Come si evince dalla Sentenza e dal processo tutto – direi – l’elemento cardine del coacervo accusatorio è quanto riferito dal giovane Z. in merito ad aver pensato che la voce del rapinatore fosse quella del G..
Durante la fase dibattimentale è stato (fortunatamente) ritenuto privo di valore quel riferimento “all’accento zingaresco” menzionato nelle SIT (oramai famigerate) ed è risultato che entrambi i testimoni non hanno in alcun modo saputo indicare quali sarebbero gli elementi peculiari di tale tipo di inflessione (e anche in questo caso non si può che notare che le SIT redatte dai CC non sembrano essere in linea con quanto riferito dai testimoni in dibattimento pag. 15: Presidente (….) gli zingari parlano un italiano un po’ particolare? Testimone Z. L.: Non lo so quello).
Anzi, i testimoni – entrambi – riferivano che il G. parla benissimo italiano senza ombra alcuno di accento (zingaresco o meno. Cfr pag. 16 teste Z. L.: Lui parlava italiano (G. N.d.r.)

parla benissimo italiano, meglio di me. Trascrizioni pag. 59 di Z. J.: Difensore: Ascolti, parlava italiano questo signore? Teste: Parlava italiano si ).
Quindi, nessun accento zingaresco né del rapinatore né di G. (e certo si comprenderà che tale fatto non può essere probante o, comunque, determinante dato che siamo in Italia) e sempre più inspiegabile rimane l’indicazione in entrambi i SIT dell’”accento zingaresco”.
Ciò posto, il riconoscimento fonico – ovvero del timbro della voce – è e rimane l’unico indizio in base al quale il Tribunale giungeva alla conclusione che il rapinatore è il G..
Le conclusioni del Tribunale non sono accettabili.
Non lo sono per fondare una condanna in difetto di elementi concreti ed al di la di ogni ragionevole dubbio che rappresentino un riscontro oggettivamente apprezzabile (e mi riferisco ad un eventuale ritrovamento dell’arma, del motorino, della refurtiva, del casco e del passamontagna e del giubbotto su cui poi vi saranno altre osservazioni difensive).
La Sentenza si dilunga a dare la spiegazione giuridica del perché tale elemento è liberamente apprezzabile dal Giudice.
L’argomentazione non può ritenersi bastevole dal momento che è il fatto storico stesso – le modalità di tale riconoscimento- ed il dubbio più volte espresso dallo stesso Z. che impediscono di superare il dubbio ragionevole qualsivoglia sia la Giurisprudenza alla quale il Tribunale aderisce.

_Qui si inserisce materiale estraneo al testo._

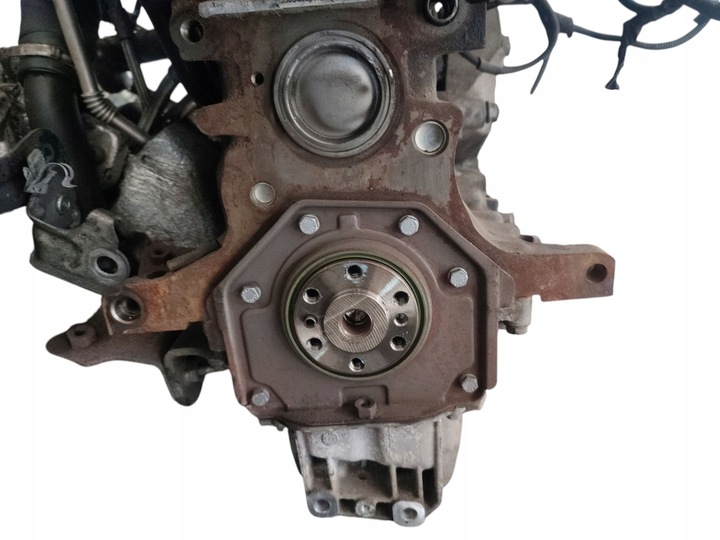 фото №12, Двигун комплектний fiat grande punto 1.4t-jet 120km 88kw 198a4000 220tyś film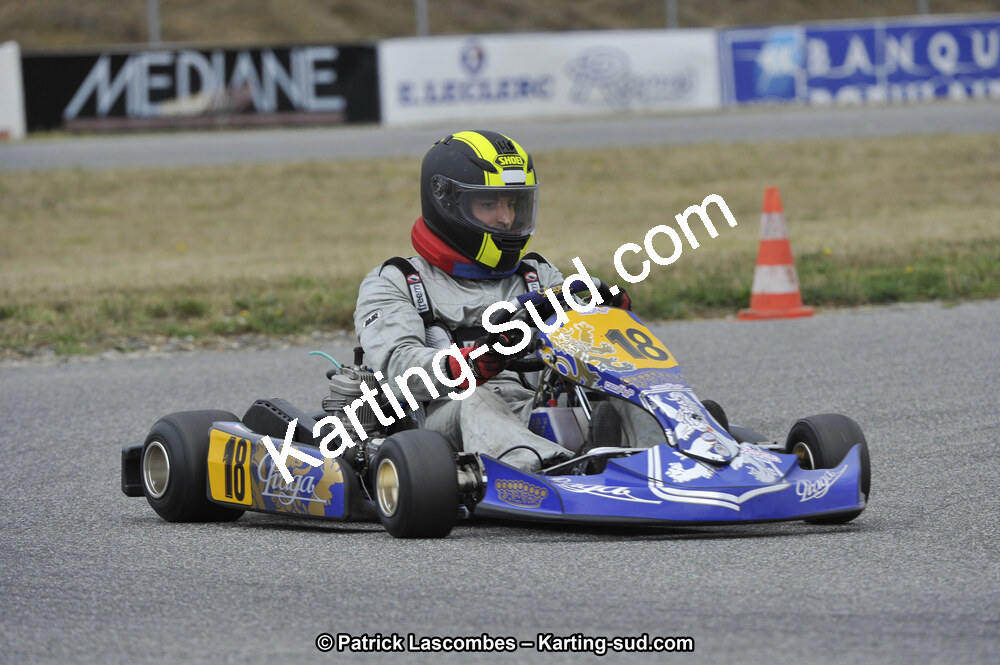 08/09/2013 : Course Club de Muret (Photos Patrick Lascombes) 2013 — karting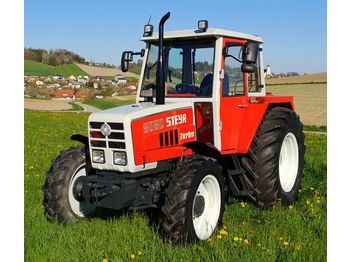 Farm tractor Steyr 8080a SK I: picture 1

Tenga conto la Corte che sulle criticità e gli aspetti peculiari di tale riconoscimento il Tribunale non si è pronunciato.
E quindi si evidenzi che:
– SIT e testimonianze non corrispondo. In sede di SIT viene riferito di un accento (zingaresco…) che durante la testimonianza non viene menzionato. I casi sono due: o le SIT non sono veritiere (ma questa non è la posizione del Tribunale che le ha acquisite e utilizzate); oppure G. – che parla italiano senza accenti – non è il rapinatore. Il fatto che in dibattimento i testi affermino che il rapinatore parla italiano non prova nulla: tutti i cittadini italiani in Italia parlano italiano.
– Il rapinatore è completamente travisato. La bocca è coperta dal passamontagna e dal casco integrale. Anche solo la comune esperienza insegna che con queste modalità il suono della voce è completamente distorto e la combinazione di indumento + casco funge da cassa di risonanza distorcendo i suoni.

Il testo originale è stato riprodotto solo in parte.